As the majority recognizes, Commonwealth v. Newell, 486 Pa. 478, 406 A.2d 733 (1979), and Commonwealth v. Weiss, 289 Pa.Super. 1, 432 A.2d 1020 (1981), require that the plea bargain be favorable, and that the defendant understand the bargain and be satisfied to accept it rather than go to trial.

Although the majority characterizes the bargain here as favorable, the Commonwealth did not. Thus at the guilty plea hearing, in support of the court’s accepting the plea, the assistant district attorney said:

As the Court well knows a life sentence in Pennsylvania at the present time carries an average sentence in the neighborhood of fifteen years. This defendants [sic] guilty plea to that minimum sentence in effect provides the Commonwealth with the punishment that the law presently imposes as a practical matter, although not as a theoretical matter, and therefore we feel that the plea is justified based on all of those factors.
R.R. at 29a-30a.

But if we treat the bargain as favorable, still, appellee as defendant could not have understood it. For as the majority acknowledges, there was no discussion of the elements of the crime charged or of the permissible range of sentences. Since appellant could not have understood the bargain, he could not have been satisfied—that is, he could not make an intelligent decision to be satisfied—to accept it rather than go to trial.

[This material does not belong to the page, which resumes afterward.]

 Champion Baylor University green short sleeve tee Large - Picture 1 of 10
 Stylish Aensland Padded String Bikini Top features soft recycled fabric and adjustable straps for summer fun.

Newell and Weiss do not support the majority but are contra. In Newell, “Appellant knew there was a possibility of receiving first degree murder, and he also knew the theft charges would be dropped by pleading guilty to third degree murder.” 486 Pa. at 477, 406 A.2d at 734. In Weiss, the elements of the crime charged (burglary) were defined, and appellant knew he was “facing 40 to 60 years.” 289 Pa.Super. at 7, 432 A.2d at 1023. He got only 4 to 10 years. Thus, in both cases the defendant got a bargain, he understood the bargain, and he could make an intelligent decision *569to accept it rather than go to trial. Here, these requirements are not satisfied.

The order of the lower court should be affirmed.